I think we're pretty much on the same page here.  Just so theres no confusion, I'm not saying that bullying is ok.  I do feel that its a shame that kids today are taking it to this level...where someone will get pushed to the breaking point, where they take their own life.  

I too, was bullied in school and a few issues on the bus.  I managed to ignore a good portion of it and fortunately, that worked.  There were some cases, in which my mother was livid and told my father to go to the school.  He did a few times.  Of course, when he walked into the office, he got the usual sppech that nobody was available, blah, blah....so he walked right into the office, and of course, someone was available.   The issues stopped.  

Kids shouldn't be afraid to talk to their parents.  If kids are showing signs, ie: skipping school, saying they dont want to go, etc, this should be a sign for parents to ask whats going on.  The school should be providing a safe environment for kids to learn.


----------



## Archangel M (Oct 12, 2010)

stevebjj said:


> Are you kidding me?  You're seriously suggesting that kids commit suicide because they have an _overdeveloped_ sense of self worth?



In the sense that embarrassment, or an assault on their self-esteem results in shootings or suicide?

Yup.


----------



## Archangel M (Oct 12, 2010)

While we all love our children, teaching them that they are all precious little snowflakes that are more precious than any other flake out there is doing them no favors. Not that this is the case in all of these situations, but I see it all too often.


----------



## WC_lun (Oct 12, 2010)

I was a small, wierd looking kid that was the new kid a lot due to my father being military.  I could not say anything at home or I would have been beat there.  eventually I made a concious decision that a butt whooping by some kid was preferable to living life as a victim.  I quit getting bullied when the bullies realized I was a risk to thier ego.

I can see where many of the bullies are victims also, but it doesn't really excuse the behaviour.  I do believe part of the problem is there is very little real consequences for the bullies.  Usually, if anything, they get thier parents called.  What if the parents don't care...or even worse, approve of thier child's behaviour?  Nothing get resolved and the bully suffers no repurcussions for thier behaviour so it continues or gets worse.  In some cases it snowballs until the victim of that violence resorts to violence themselves, either on thier tormentors, themselves, or innocents.

In the adult world it isn't as easy to be a bully.  Take it too far and you can do jail time, get your butt whooped, or get shot.  Most people know this and so it isn't as prevailant.  Make it known to kids as well.  If a kid is bullying other kids, put the bully in detention.  They keep doing it, expell them.  No coddling or making excuse for them.  No repeated chances.


----------



## MA-Caver (Oct 12, 2010)

Archangel M said:


> > Originally Posted by *stevebjj*
> >
> >
> > _Are you kidding me?  You're seriously suggesting that kids commit suicide because they have an overdeveloped sense of self worth?_
> ...


Agreed with Arch, kids can be amazingly cruel and intuitively know how to push the right button on their intended victim to tear down that self-esteem in a heartbeat.
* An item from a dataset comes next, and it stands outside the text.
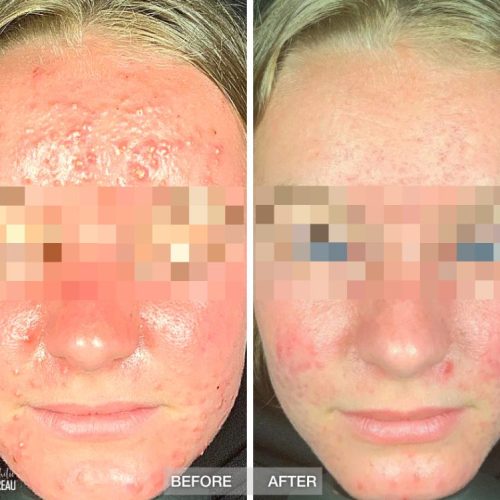 Before-After-Thistle-Rose-Acne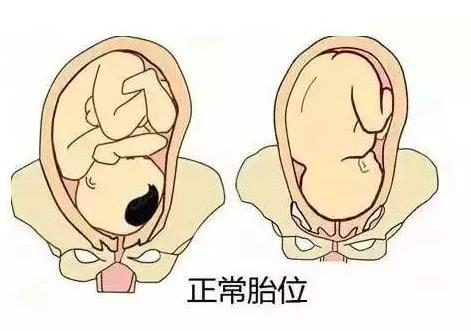 11,是loa,loa是左枕前胎位的缩写表示顶先露,胎儿枕骨在骨盆左侧,朝前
My antagonists sure did, and yeah if I didn't think about shooting myself... I'd wanted to shoot THEM! ( :miffer: bastards) but I didn't. And I survived and I made it through and in retrospect learned how to build myself back up to where I don't take crap off of nobody. 



Archangel M said:


> While we all love our children, teaching them that they are all precious little snowflakes that are more precious than any other flake out there is doing them no favors. Not that this is the case in all of these situations, but I see it all too often.


Parents. Parents worry either not enough or too much. Sure they want their child to be happy and want them to do the best that they can do in everything they do. Some more than others. 
But I think parents need to realize that sometimes a fall, a bad day can be good for a kid if they're taught how to take it in the right context. 
Kids are going to fight, it's human nature manifest to be violent to one another. It's maturity, growing into adult hood with lessons learned from those fights that will help (in part) determine the content of their character. If the child learns the RIGHT lessons then well... that speaks for itself, imo.


----------



## Touch Of Death (Oct 12, 2010)

stevebjj said:


> I'm having trouble understanding your second sentence. Are you saying that you believe bullying was the cause for a large percentage of teen suicides or that bullying doesn't lead to suicide? The way it reads, it looks like you're suggesting that bullying is the cause for a large percentage of teen suicides, and if so, I'd agree.
> 
> Suicide is a result of ongoing, clinical depression. Teens experience depression largely in only a few different ways: physical or mental illness, drug addiction, family trouble (abuse, divorce, etc), and rejection or fear of rejection by peers (including bullying and coping with homosexuality). Suicide is the third leading cause of death among teenagers, with car accidents being first and homocide being second. It's a big deal.
> 
> ...


You disagree there has been sensationalism about bullying as of late? I can't remember the media making a big deal about bullying when I was in school. In any event, the latest sensationalism is a good thing. I wasn't saying the problem didn't exist.
Sean


----------



## Touch Of Death (Oct 12, 2010)

Archangel M said:


> This "self-esteem" stuff is in the same neighborhood as the "respect" crap kids spout. You EARN respect..you are not born entitled to it. Part of the entitlement culture IMO.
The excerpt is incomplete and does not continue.